Season 1 of the Revolution cycling series was held during the winter track cycling season of 2003/2004.

The series started out focusing on endurance cycling and added elite sprinting during the first season..

==Competition==
===Sprint===

Elite sprinting made its Revolution Debut as a main feature at Revolution 3, with the cream of British riders taking on the visiting French squad. The event attracted big names like Chris Hoy, Craig MacLean, Jason Queally, Arnaud Tournant, Grégory Baugé and Florian Rousseau. The main sprint competition saw Hoy defeat MacLean in the first Semi-Final and Roussuau defeat Tournant in the other. Hoy was able to turn on the power in the final to become the first Revolution Sprint winner. In the Keirin event Tournant came home first, followed by teammate Baugé. A team Sprint competition completed the sprinting action, with Team GB and France reaching the final after defeating composite teams in the Semi-Finals. The team of Hoy, MacLean and Queally defeated the French team by 0.2 seconds.
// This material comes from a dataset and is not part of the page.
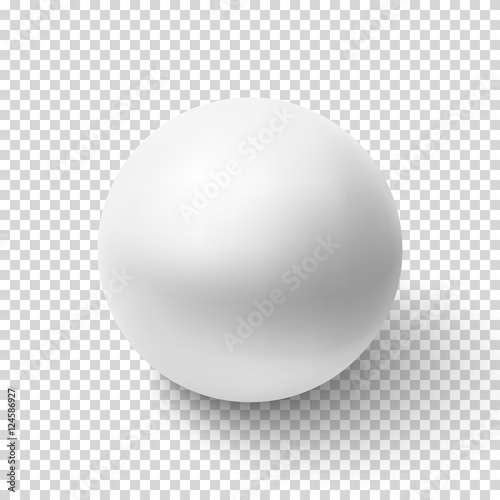 Realistic white sphere isolated on transparent background.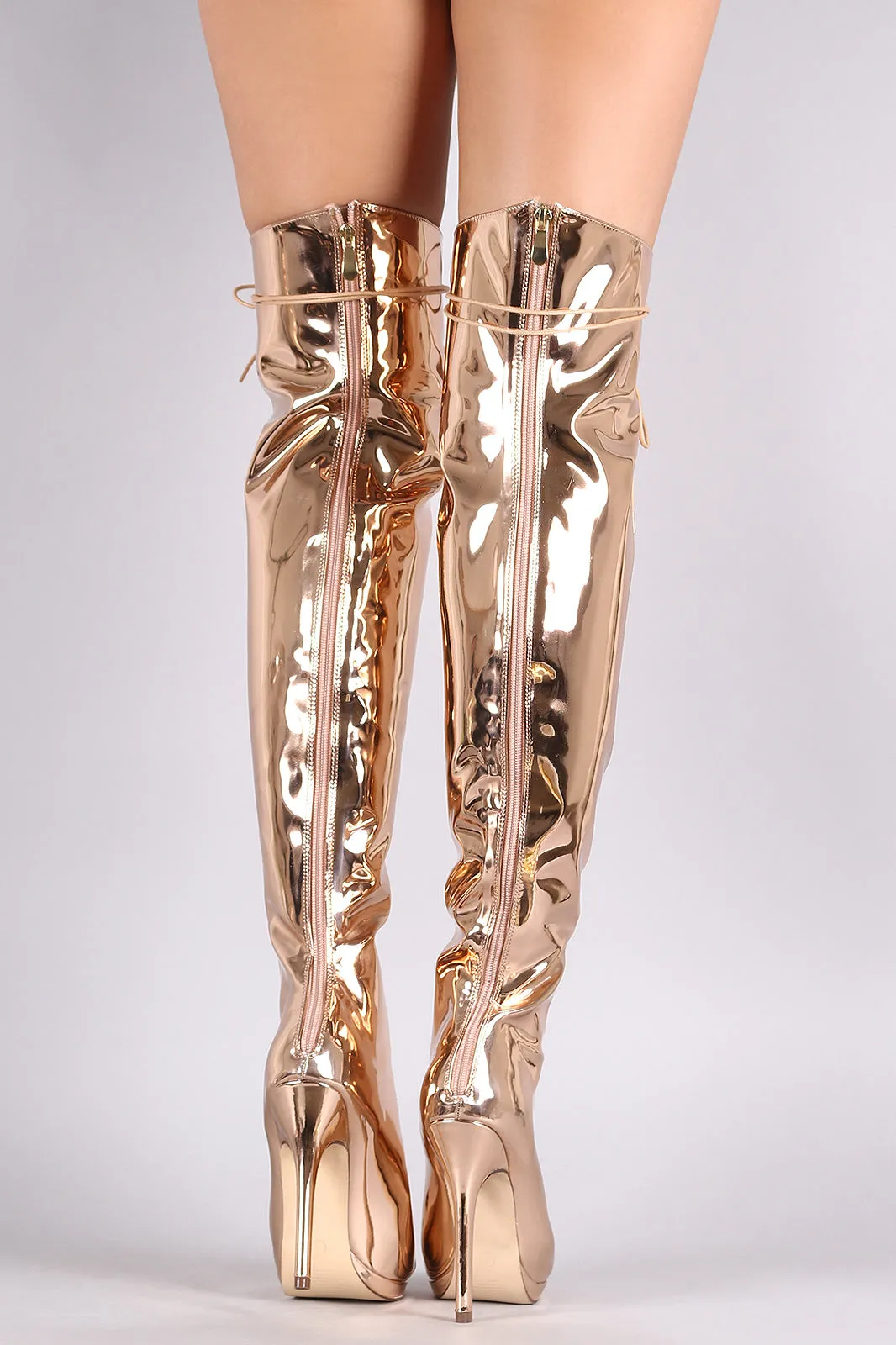 Liliana Mirror Metallic Lace Up Stiletto Over-The-Knee Boots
Revolution 4 saw the Dutch team provide the opposition for the British riders. Future World Sprint Champion Theo Bos defeated Chris Hoy in the Semi-Finals to set up a meeting with Jamie Staff in the final. Bos took a convincing victory after an early move caught Staff off guard. In the Keirin race Jon Norfolk made an early break for home but was caught by Hoy just before the line for the Scot to take the victory. To complete the sprint action Team GB continued their fine form in the Team sprint competition by defeating the Dutch team of Bos, Teun Mulder and Tim Veldt by over a second.

===Endurance Competition===

Endurance racing launched the Revolution series from the first event, which featured GB stars Bradley Wiggins, David Millar, Rob Hayles and Chris Newton. The very first race was a Motor Paced Scratch race, in which the bike pulled off 6 laps from the end of the race. The race was won by Millar on his track debut, assisted by his Cofidis teammate Wiggins. The next event was a pursuit challenge, featuring 6 riders over 3 heats. The final saw Wiggins take on Hayles, an encounter in which Hayles led by 2 seconds at the halfway point. However Wiggins was able to turn this around to take the victory by a margin of 2 seconds. Other victories on the night went to James Notley in the Devil Scratch race, Jon Norfolk in a mixed Keirin Race, Chris Newton in the Points race and Rob Hayles in the Scratch race.

The British Riders returned for Revolution 2 and were joined by several visiting Greek riders and several other foreign riders. Bradley Wiggins won the Motor Paced Scratch race and Pursuit events, while the Greek Ioannis Tamouridis took victory in a 1500m Time Trial competition ahead of Chris Newton. Newton then dominated the Points race, taking the victory ahead of Russell Downing. Austrian Roland Gabber rounded off the evening by winning the Scratch race. Revolution 3 saw a mainly British field fight it out for the honours. Tony Gibb took victory in the opening Motor Paced Scratch race. This was followed by Newton again taking victory in the Points race, from Ed Clancy and Russell Downing. Downing then went on to take victory in main Scratch race to round off the evening.

The final event of the season saw several International riders join the field, including World Champion Franco Marvulli. However it was veteran Malcolm Elliott who took a very popular victory in the opening Motor Paced Scratch race. Pursuit World Champion Bradley Wiggins then took on Paul Manning in a thrilling Pursuit Challenge. Both riders were nip and tuck throughout the race, with Manning taking the victory by 0.020 seconds. Huw Pritchard took victory in the Points Race, followed by him finishing second to crowd favourite Marvulli in the Scratch race. The Revolution exclusive Madison Time Trial event made its debut at Revolution 2 during this first season. The top time of the season was set by the team Wiggins and Marvulli at Revolution 4, with 57.99 being clocked by the duo.

===Future Stars Series===

The Future Stars did not run as a points storing competition during the first season, however races were held at each meeting. A number of now established stars competed in the races during the season. Olympic Gold and Silver medalist Jason Kenny and Bronze medalist Steven Burke both took part as did other now familiar names Ben Swift, Adam Blythe, Ian Stannard, Pete Williams and Tom Murray.